The Republican tax plan was just passed, and there's a bit of uproar about the way it was released. Several of the Democratic congressmen have complained they were not able to read it, both because the time period they were given was too small and because they claimed some of the handwritten text was illegible.

Without taking a political side on this particular instance, I feel that this implies a party could deliberately push a bill knowing full well the other party would not have an opportunity to know what they were voting on. It seems one could poorly hand-write a few hundred pages as the final draft, and release it with far too little time for it to be read.

Is there any legislation preventing this from happening? Are there actions a congressman could take to delay a vote until a "fair" time period had passed?

2 Answers 2


No, there is no minimum.

However, in the Senate, any single Senator can demand that a bill be read out loud before a vote. This can be and has been used to delay or derail legislation; Tom Coburn did exactly that during the Obamacare debate; see also here for a story about a healthcare plan Bernie Sanders proposed, then withdrew after Coburn insisted that it be read before any vote.

Of course, in the case of a short bill, such tactics would be much less effective.

  1. If they passed a restriction by legislation, they could change it by legislation.

  2. Traditionally Congress has had the final say on almost all questions on the operation of Congress. Absent a constitutional limitation that is clearly in opposition, they don't interfere.

  3. What happens in an emergency? Presumably there would need to be an escape clause for emergencies. And with an escape clause, someone would use it.

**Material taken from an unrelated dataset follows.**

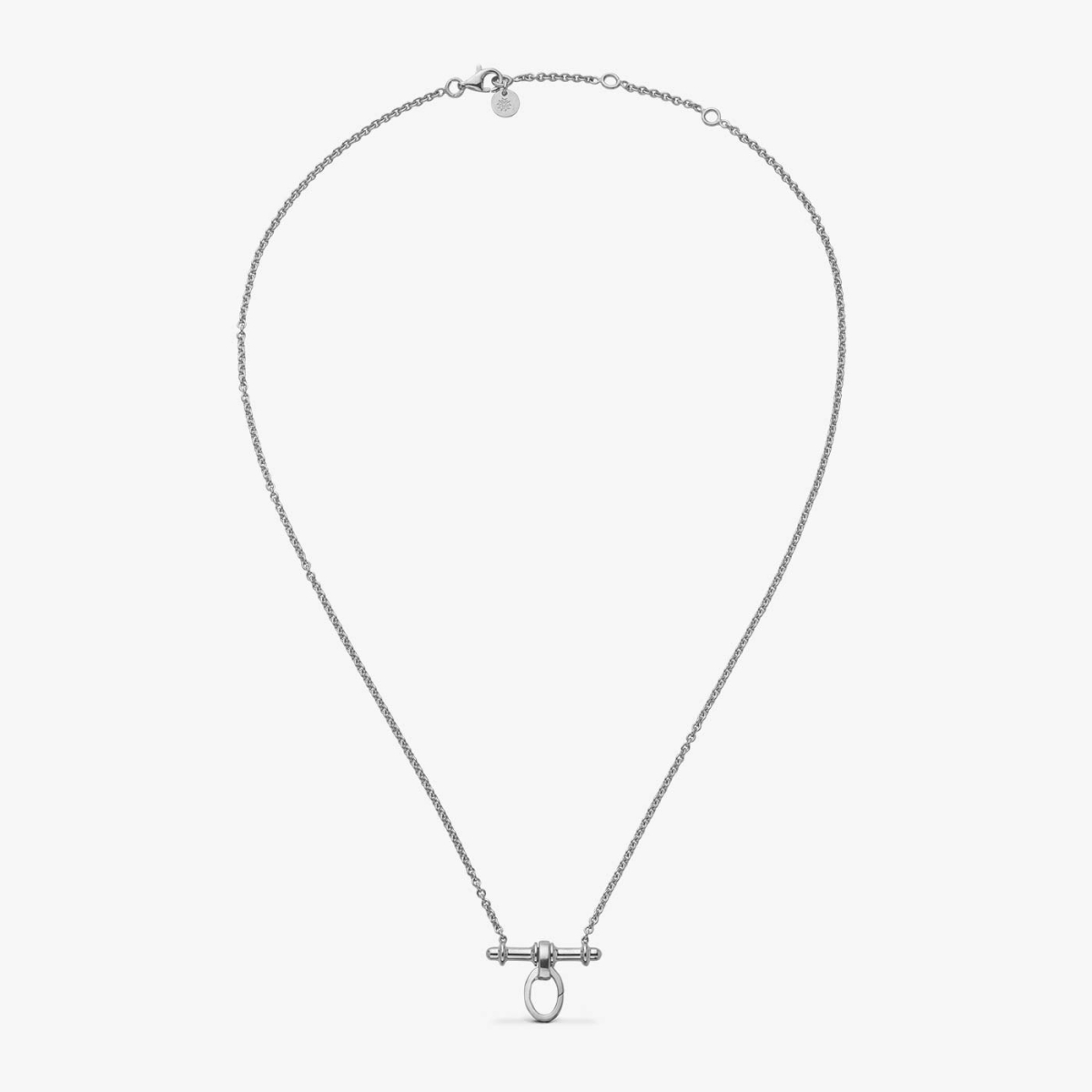 Collier trapèze en or blanc 18 carats, 42 cm, petit modèle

A member of Congress could refuse to vote for legislation until they have had time to read it. If enough do that, the legislation doesn't pass. Of course, if you never showed any intent to vote for the legislation but only wanted to delay for the purpose of delay, that method won't work for you. Or if you know that your constituents or donors both favor and oppose the legislation, then you might use the "no time to read it" excuse to explain a vote against. Thus avoiding angering either side.

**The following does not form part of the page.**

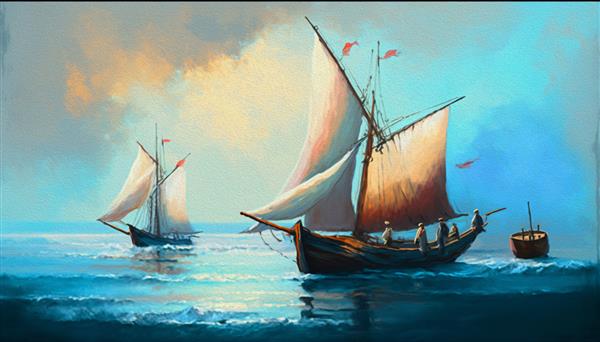 منظره ی دریایی زیبا قایق های ماهیگیری قدیمی در دریا ماهیگیران در حال ماهیگیری هستند نقاشی دیجیتال رنگ روغن نقاشی کلاسیک در رنگ های زنده قایق بادبانی در دریا هنرهای زیبا آثار هنری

The traditional reason for creating rules about such things is not to allow legislators time to read bills. The traditional reason has been to allow constituents time to read and comment on bills. Because legislators shouldn't need laws to protect them from unreadable bills. They can insist on legibility as a requirement for voting on a bill. Or they can delegate that task to people that they trust, like the committee staffers who do much of the work of writing legislation in the United States.

  • While this outlines why this isn't a very useful thing to have it doesn't address what time management is available to the minority in the house. I know they are limited, but I'm not sure that they are eliminated.